It took me a long time to recognize the appeal of video shooting. Even in a job where I have to use a camera’s video features, it was only fairly recently that I moved beyond just taking short clips (essentially stills with a little bit of movement in them) and started to think in terms of using video and editing to tell stories.
Given that most modern cameras offer at least rudimentary video tools, I wanted to share my experiences and perhaps encourage others to start thinking about shooting at 24 or more frames per second.
The good news is that a lot of the things you learn as a photographer are immediately useful as you take your first steps in video shooting. But, as I discovered, at almost every stage I encountered differences and additional factors to consider. Many of which I wished someone had told me when I started…
Stop shaking the camera, you’re making me feel sick
The first thing that became apparent when shooting video for the first time was the need to keep the camera steady. I remember my Dad teaching me how to keep my camera steady and be aware of my breathing when shooting relatively long exposures, but no amount of good breathing technique or bracing the camera against a pillar is enough to give steady video.
Even if your camera is hand-holdable, don't expect that to mean you'll shoot it hand-held. |
This makes sense, of course: most stills shooting only requires you to hold your camera steady for fractions of a second whereas video lets the viewer see how steady you’ve been for seconds or minutes at a time.
What I've learned is that in-camera stabilization can be enough to stop your footage looking unwatchably juddery, but unless you’re aiming for a ‘run-and-gun’ aesthetic, you’ll need to use a tripod or some sort of stabilization rig.
Exposing some limitations
Exposure is another area where the lessons I’d learned from stills photography are useful but incomplete. You still get to control the same variables, but the range of control you have is somewhat restricted. It’s still a question of managing light, but with a greater risk of finding yourself with too much of the stuff.
For me it’s a question of shutter speed, which has a more obvious impact on the appearance of your footage than is usually the case in stills shooting. A fast shutter speed in stills photography will freeze motion, a slow one will allow the subject to blur but there’s often a large range in between these two extremes.
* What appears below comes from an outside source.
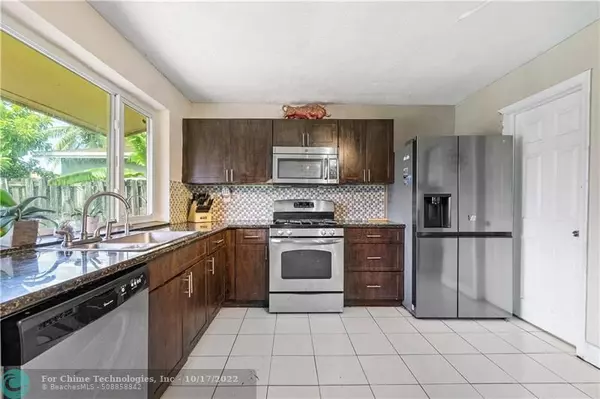 Sunrise, FL 33322,9574 NW 19th Place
In video, there’s a narrower range before the viewer starts to notice the difference.
The 180 degree shutter ‘rule,’ where you use a shutter speed that’s half the duration of each frame (so 1/48th seconds for 24 fps shooting) isn’t an inviolable law, but the further you stray from it, the more jarring or muddled your footage will look. This can be a creative choice, of course, but only counts as such if you've consciously made it.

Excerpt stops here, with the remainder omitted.